The haunted, shadow laden world of German Expressionist silent films was one punctuated by layers of psychological complexity expressed in a highly visual way, employing camera tricks, effects work, and lighting set-ups that were far ahead of their time. Through their technical brilliance they evoked a picture of a country caught between the past and future, one looking cautiously forward (such as in Lang’s Metropolis), but still recalling its own troubled history (the superstition-filled world of Murnau’s Faust).
The combination of McKean and silent film produces extremely powerful results, clearly seen in every piece at the Early Cinema exhibition. Here is a creator so inspired by his subject that it taps into the deepest reservoir of his talent.

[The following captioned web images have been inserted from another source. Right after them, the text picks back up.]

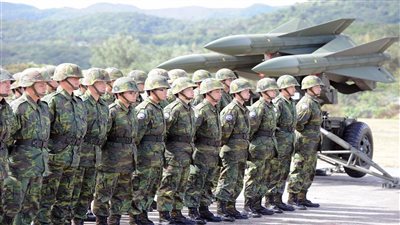 تايوان تنشر قوات بعد تدريبات صينية بالذخيرة الحية قبالة الجزيرة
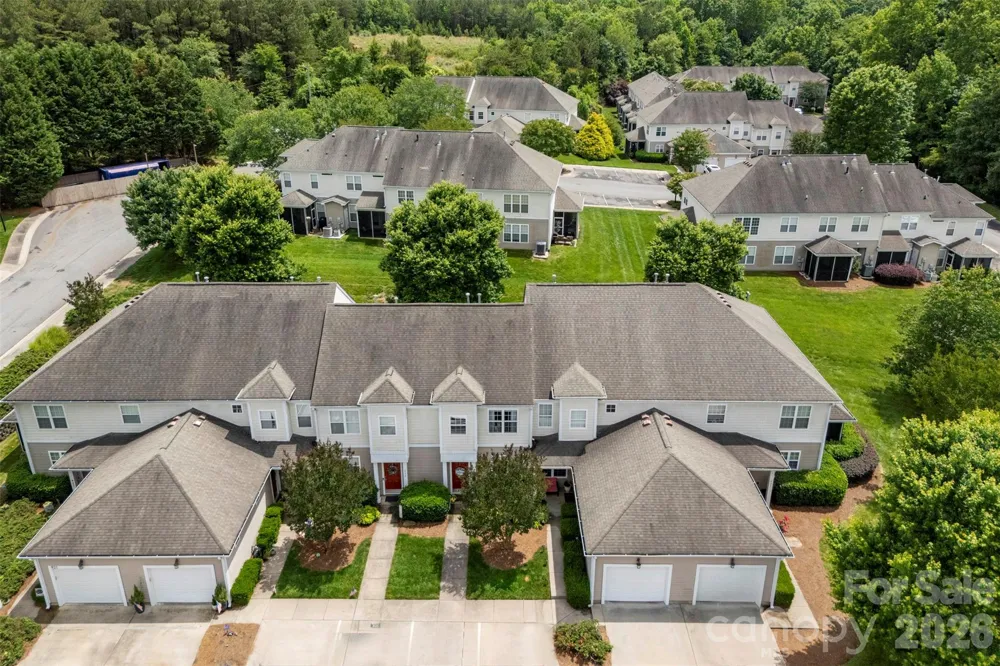 927 Claybrook Circle Gastonia, NC 28054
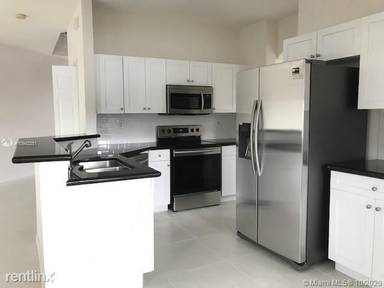 Main picture of 16568 SW 54th St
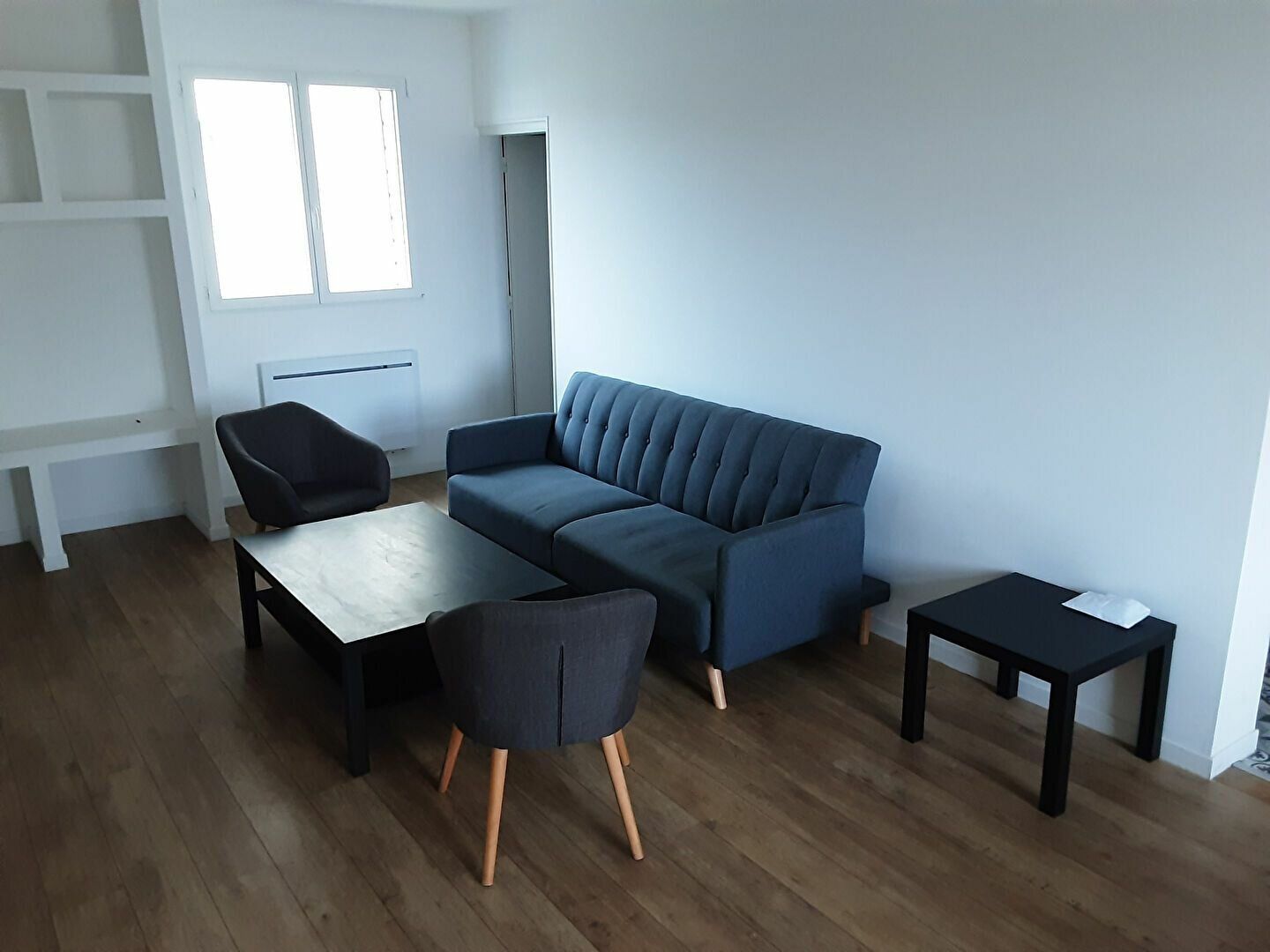 Appartement à louer 3 m2 à Guingamp vignette-3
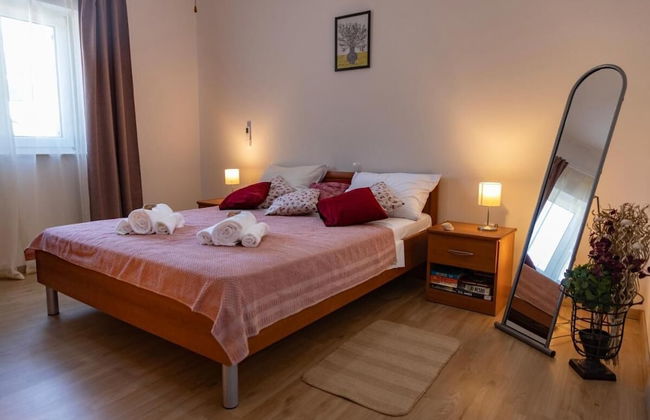 Villa Akulica With Heated Outdoor Pool and Seaview - Photo 11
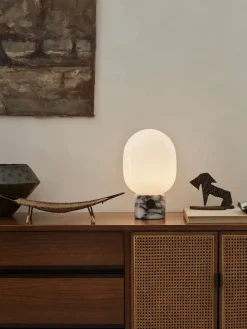 Audo Copenhagen JWDA Concrete Bordlampe fra><noscript><img width=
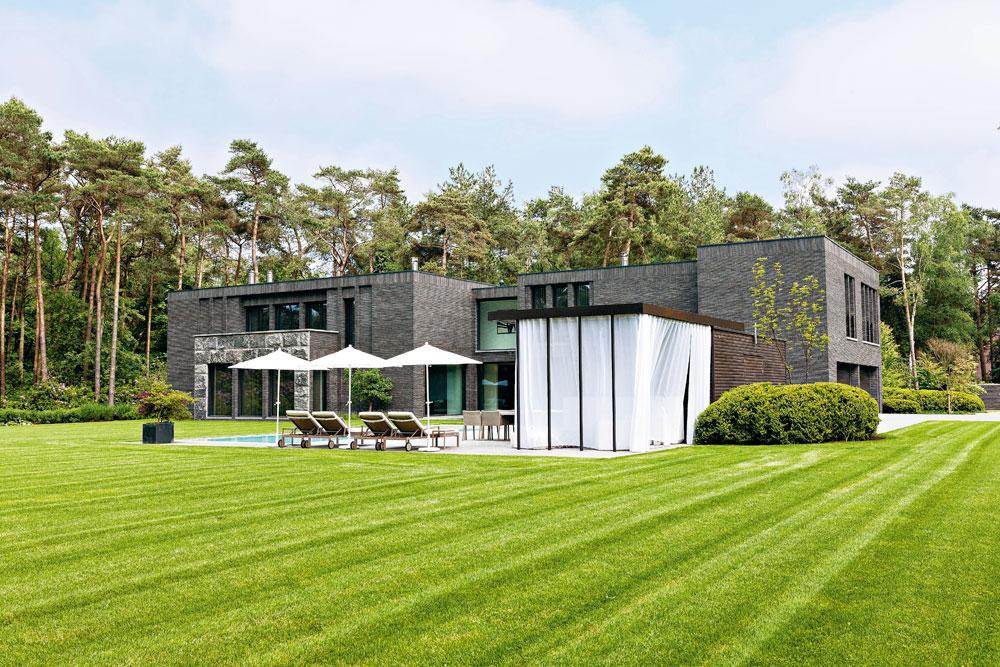 Moderne villa met buitenzwembad, die uitkijkt op de greens van de Royal Antwerp Golf Club. Energiezuinige woning op 1130 m², met 5 slaapkamers en badkamers. Vraagprijs: 5,85 miljoen euro.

McKean’s highly evolved work often utilizes an earth-toned collage of painting, photography, found objects, and turn of the century letter-press type on a single piece. The result evokes a well-worn past while remaining original and fresh.

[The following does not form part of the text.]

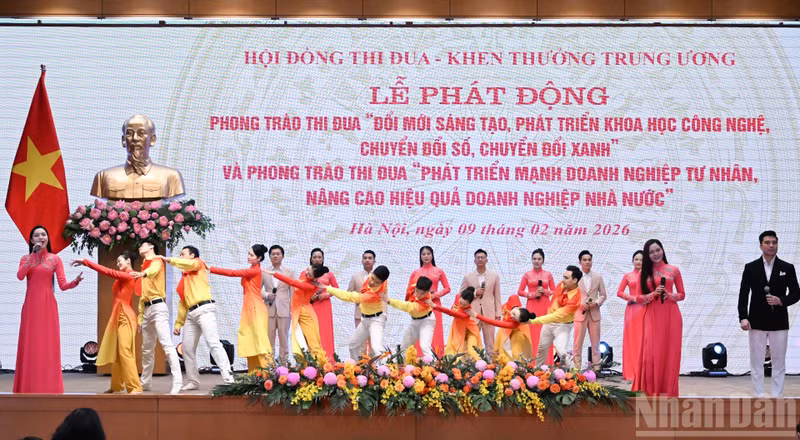 An art performance at the ceremony.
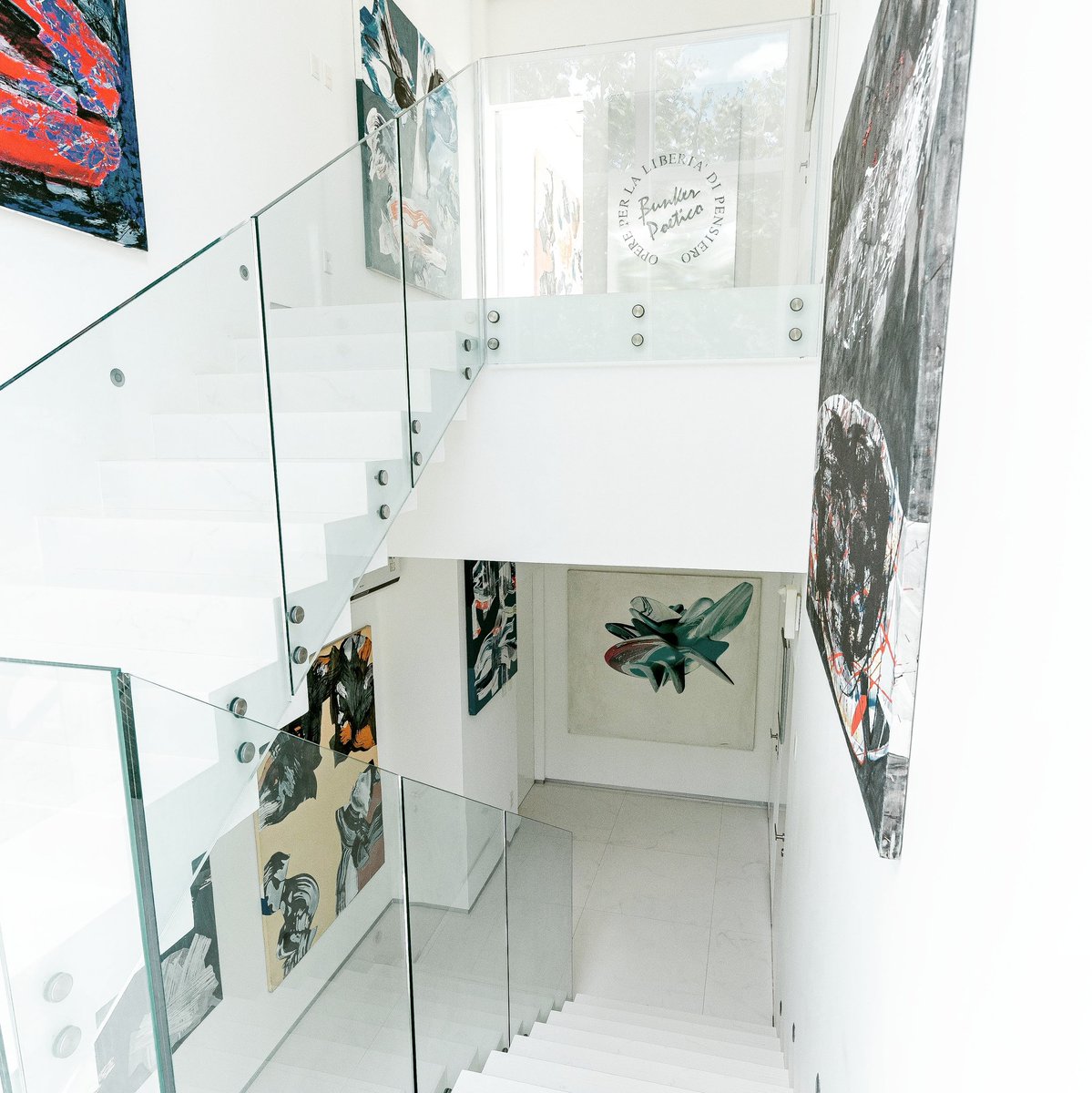SantanaSpazio's tweet photo. #artworks and natural light to decor the up stairs
#SeeksLife #holidayhouse #buscavidaexclusive #spaziosantana #spaziosantanarealty #ninomustica
#marcorotelli #artistsontwitter #laniesantanaartcollector https://t.co/2tUVYejqeO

The large scale, 40″ x 40″ pieces were also complemented by several smaller ink on paper pieces that further explored the world of the silent classics.
The Billy Shire Fine Arts gallery accompanied the astounding McKean pieces with numerous vintage (and exceedingly rare) original silent film posters as part of the concurrently running Nitrate and Kinogeists show. These were made using the (common at the time) stone-lithography process which is all but forgotten now except for its use by a handful of artists aware of the beautiful results it provides.

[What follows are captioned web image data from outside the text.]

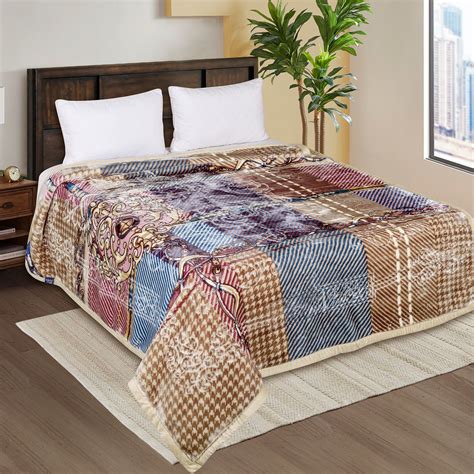YETI WINTER DOUBLE BED DOUBLE LAYERED BLANKET - LIGHT GREY AND BROWN ...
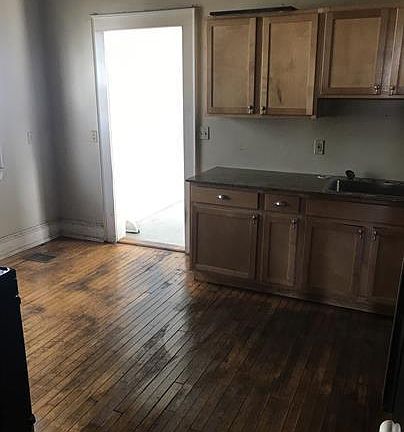 2nd image of 304 Highland St #2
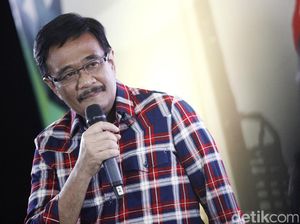Aksi Karyawan TransJ Rawan Ditunggangi, Djarot: Saya Nggak Suuzon Aksi Karyawan TransJ Rawan Ditunggangi, Djarot: Saya Nggak Suuzon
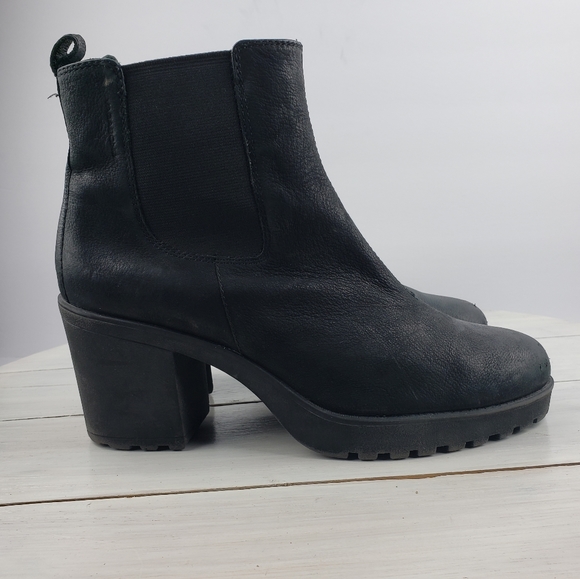 Vagabond Shoes Vagabond Grace Chelsea Platform Suede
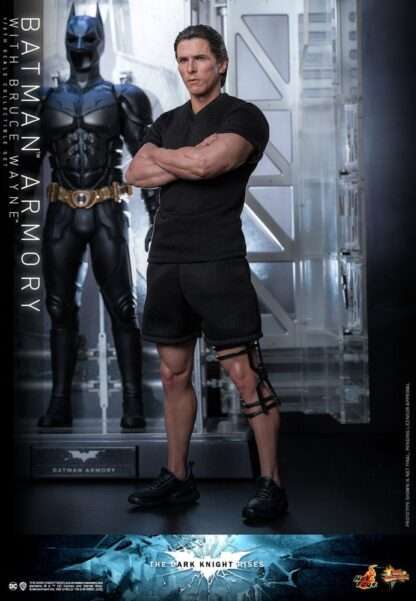 The Dark Knight Rises Movie Masterpiece Actionfigur & Diorama 1/6 Batman Armory with Bruce Wayne 30 cm – Bild 3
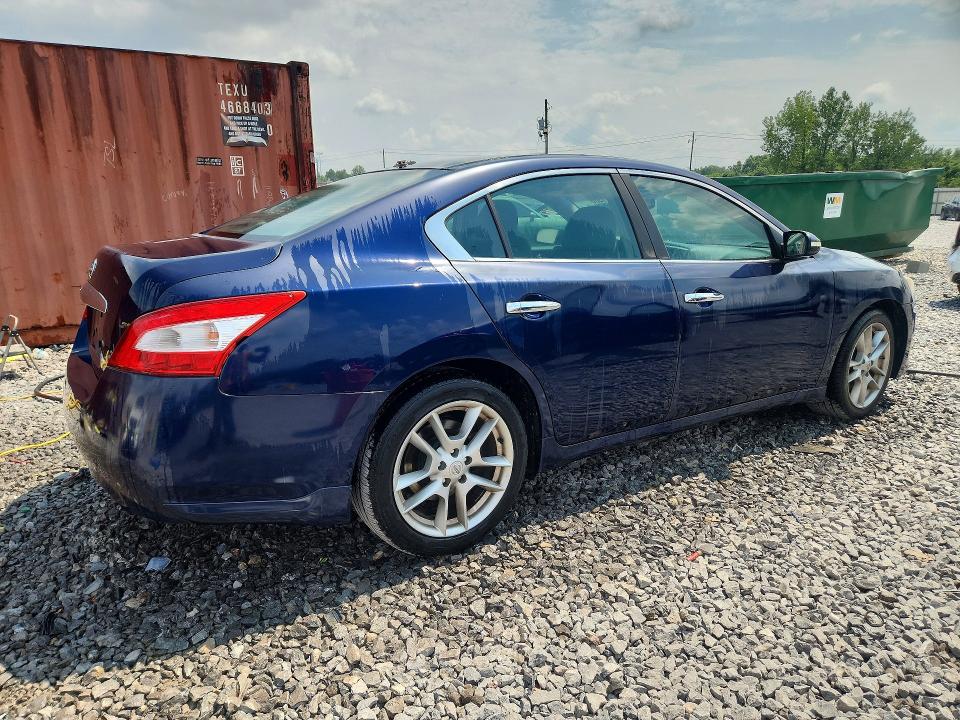 Photo 3 from auction – 2010 NISSAN MAXIMA with VIN 1N4AA5AP3AC843867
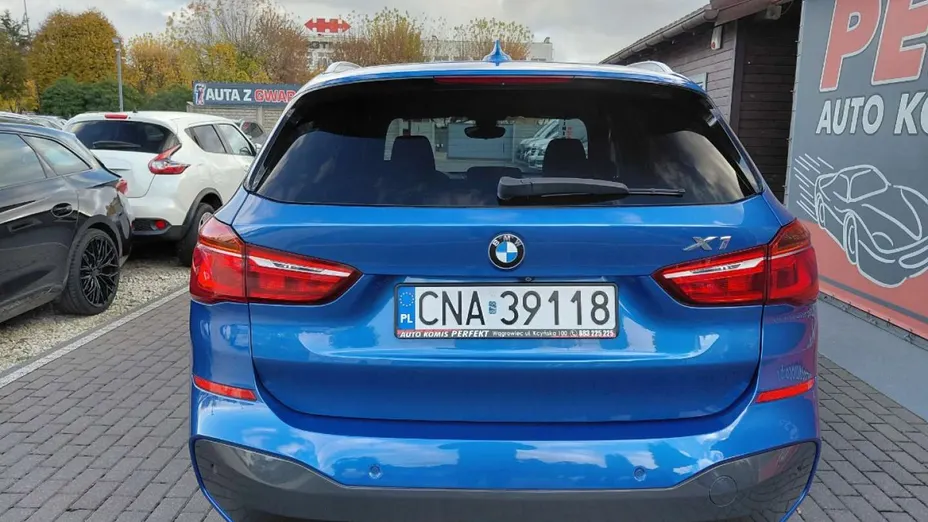 BMW X1 -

It was no surprise that an exhibition opening of this magnitude would be attended by McKean’s comic book colleagues, but I couldn’t help but be knocked out by some of the names in attendance. Such as Grant Morrison the beautiful young actress Stephanie Leonidas, star of the McKean directed / Neil Gaiman written film MirrorMask. When I asked if the filming of MirrorMask was difficult for her (she is on-camera almost every moment of the film) she noted that her director actually made the task very easy for her. She went on to explain that McKean was so friendly and patient on the set (as well as highly prepared with the entire film extensively storyboarded) that the whole experience was a lot of fun. This actually did not surprise me as McKean could not have been any friendlier at the show, happily signing books, posing for pictures, and talking at length with everybody who approached him.
As the evening neared its end I had the chance to express to McKean how great I thought the work was, especially his awesome piece inspired by the opening sequence of Faust in which the Devil looms over a village that is soon to be ravaged by the bubonic plague. I inquired as to why the original was not at the show (it was available, as several of the works are, from the gallery as limited edition prints). He smiled and said that it was in his house, the one piece of the group that he was not willing to part with.
It certainly goes without saying that the Early Cinema exhibition is absolutely mandatory viewing for every Dave McKean fan (or cinema buff for that matter). To see work firsthand from a top artist at the peak of his creative powers is astonishing, so be sure to catch this show at the Billy Shire Fine Arts gallery before its close on March 6th.